First, it's recommended to obtain a formula for the $n$th derivative of $\cos x$.

To do this, usually it is needed to continually differentiate until you notice a pattern.

So we will begin by taking the first derivative:

$\frac{\mathrm{dy}}{\mathrm{dx}} = - \sin x$

Next, the second derivative:

$\frac{{d}^{2} y}{{\mathrm{dx}}^{2}} = - \cos x$

And the third derivative:

$\frac{{d}^{3} y}{{\mathrm{dx}}^{3}} = \sin x$

The fourth:

$\frac{{d}^{4} y}{{\mathrm{dx}}^{4}} = \cos x$

There - we've arrived back at $\cos x$. Since this was our original function, differentiating again will just give us the first derivative, and so on. So, we can deduce that the $n$th derivative is periodic.

Now the problem is putting this pattern into a formula. At first it might look like there's no mathematically explainable pattern - we have a negative, then a negative, then a positive, then a positive, meanwhile flipping from sine to cosine - but when you graph these successive functions, it's easy to see that each graph is the previous derivative, but shifted to the left by $\frac{\pi}{2}$.

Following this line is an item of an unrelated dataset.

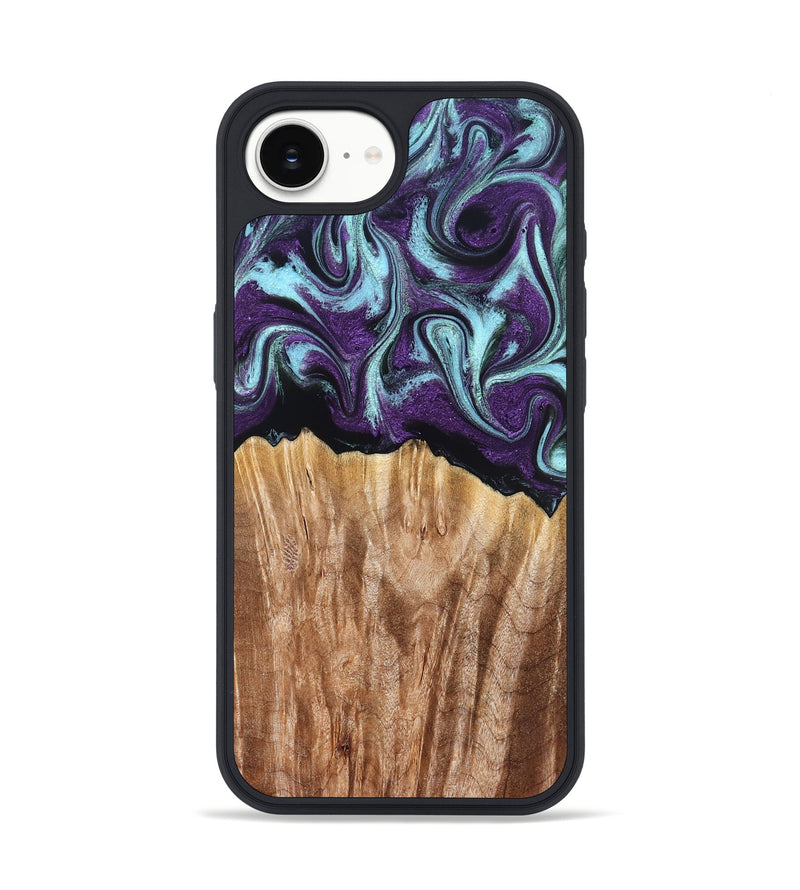 iPhone 17e Wood Phone Case - Arch (Purple, 831477)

What do I mean? Well, $- \sin x$ is the same thing as $\cos \left(x + \frac{\pi}{2}\right)$. And $- \cos x$ is the same thing as $\cos \left(x + \pi\right)$.

So there's our formula:

${f}^{n} \left(x\right) = \cos \left(x + \frac{\pi n}{2}\right)$

Now, if we substitute $n = 50$, we obtain:

${f}^{50} \left(x\right) = \cos \left(x + 25 \pi\right)$

Since cosine itself is periodic, we can divide the $25$ by $2$ and leave the remainder next to the $\pi$:

${f}^{50} \left(x\right) = \cos \left(x + \pi\right)$

Which is the same thing as:

${f}^{50} \left(x\right) = - \cos x$